Check out what Garfield had to say about Sony's new Spider-Man:
I have been waiting for this phone call for 24 years, for someone to call me up and say, “Hey, we want you to pretend to be a character that you’ve always wanted to be all your life, and we’re going to do it with cool cameras and cool effects and you’re going to feel like you’re swinging through New York City. Do you want to do that?” [laughs] “Let me just consult with my seven-year old self and see what he thinks…” So my seven-year-old self started screaming in my soul and saying, This is what we’ve been waiting for. Like every young boy who feels stronger on the inside than they look on the outside, any skinny boy basically who wishes their muscles matched their sense of injustice, God, it’s just the stuff that dreams are made of, for sure. It’s a true fucking honor to be part of this symbol that I actually think is a very important symbol and it’s meant a great deal to me, and it continues to mean something to people. So yeah, I feel like I’ve been preparing for it for a while. Ever since Halloween when I was four years old and I wore my first Spider-Man costume.
Hear what he had to say about working with David Fincher on The Social Network after the jump!
It was just the greatest, really. The amount of trust that you feel for him, that you can place all of your trust in him if you’re a fan of his work. Which I am, I’m a fan of all of his movies so I love his taste and I love the performances that he gets from people, that he edits from people. So going into it like that, you go, “I can let go.” You can let go in a scene, and you don’t have to worry about doing what you want to do because you know that whatever he’s got in mind is going to be better than what you want to do. He does do a lot of takes.
When remarked that Fincher often goes over 70 takes per shot, Garfield responded:
Oh, yeah. Every time. But it’s the best, the most freeing filming experience I’ve had, and the most enjoyable filming experience I’ve ever had just because of the sheer freedom. And you leave everything there. You do the scene every single different way you could have ever done the scene. He just wants you to fuck up so that you become more alive in the moment. And we’re working on the Red cameras, it was digital, so he’ll just delete things if it doesn’t work.

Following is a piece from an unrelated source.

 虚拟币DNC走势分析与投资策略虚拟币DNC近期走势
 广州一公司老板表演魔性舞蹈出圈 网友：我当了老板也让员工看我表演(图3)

Upon being asked what that experience felt like:
Oh, it’s wonderful. It’s liberating! If you surrender to it and trust him, which I do implicitly, it’s just so liberating because you can fuck up and fuck up. He just likes to squeeze everything out. His theory is if we’re all here and we’re all being paid to be here, why aren’t we just doing everything we can to squeeze every little drip of juice that we can. Yeah, it’s boring sometimes and it’s painful, but then what’s the point otherwise? I’m a total advocate of that. For young actors especially who are hungry to explore the craft of acting, and working with Aaron Sorkin’s words, and then having Fincher steering you and guiding the ship, we all kind of wanted to savor every moment.